Door de baby afwisselend links en rechts te laten drinken zolang hij wakker is, kun je vaak de eerste twee uur van zijn leven al diverse voedingen met colostrum geven. Dit helpt bij het op peil houden van het bloedsuikergehalte. Als dan bij een baby een hielprikje wordt gedaan om het bloedsuikergehalte te testen, zal blijken dat dit op een goed niveau blijft.

De kans op een laag bloedsuikergehalte neemt toe als de baby veel huilt, te veel afkoelt, als er flink in het voetje geknepen en gewreven moet worden om voldoende bloed eruit te krijgen voor de test, en als de baby niet onbeperkt bij de moeder mag drinken gedurende de tijd dat hij wakker is.

Bijvoeden voorkomen

Het biedt dus toch wel grote voordelen om niet bij te voeden met kunstvoeding. Maar hoe pak je dat aan?

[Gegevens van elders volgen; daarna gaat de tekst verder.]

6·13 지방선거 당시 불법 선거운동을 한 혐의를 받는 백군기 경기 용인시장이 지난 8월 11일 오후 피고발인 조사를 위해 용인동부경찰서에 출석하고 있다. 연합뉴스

  • Na de geboorte neemt de moeder de baby meteen bij zich. Zelfs bij moeders die een keizersnede hebben gehad, is dit mogelijk. De vader kan de baby helpen ondersteunen. Mocht de moeder niet in staat zijn om de baby bij zich te houden, dan kan de vader deze taak op zich nemen.
  • Zodra de baby begint te likken of te happen, of met het hoofd gaat wiebelen, leg hem dan aan. Denk daarbij niet aan 'twee borsten geven', maar wissel net zo lang van borst tot de baby in slaap valt.
  • Als de baby om welke reden dan ook niet aan de borst kan, dan kun je de colostrum met de hand uitdrukken en dit op een lepeltje aan de baby geven. Ook in dit geval geldt: doe het zo vaak mogelijk, zolang de baby wakker is.
  • Als men het bloedsuikergehalte wil testen, en als blijkt dat dat laag is maar nog wel acceptabel, voedt de baby dan meteen weer opnieuw. Steeds afwisselend links en rechts.

Door constant te voeden, is er net als tijdens de zwangerschap een constante toevoer van glucose. Zo heeft het lichaam van de baby de tijd om aan het lagere glucosegehalte te wennen en om de insulineproductie hierop aan te passen. Op deze manier is bijvoeden vanwege hypoglykemie meestal te voorkomen.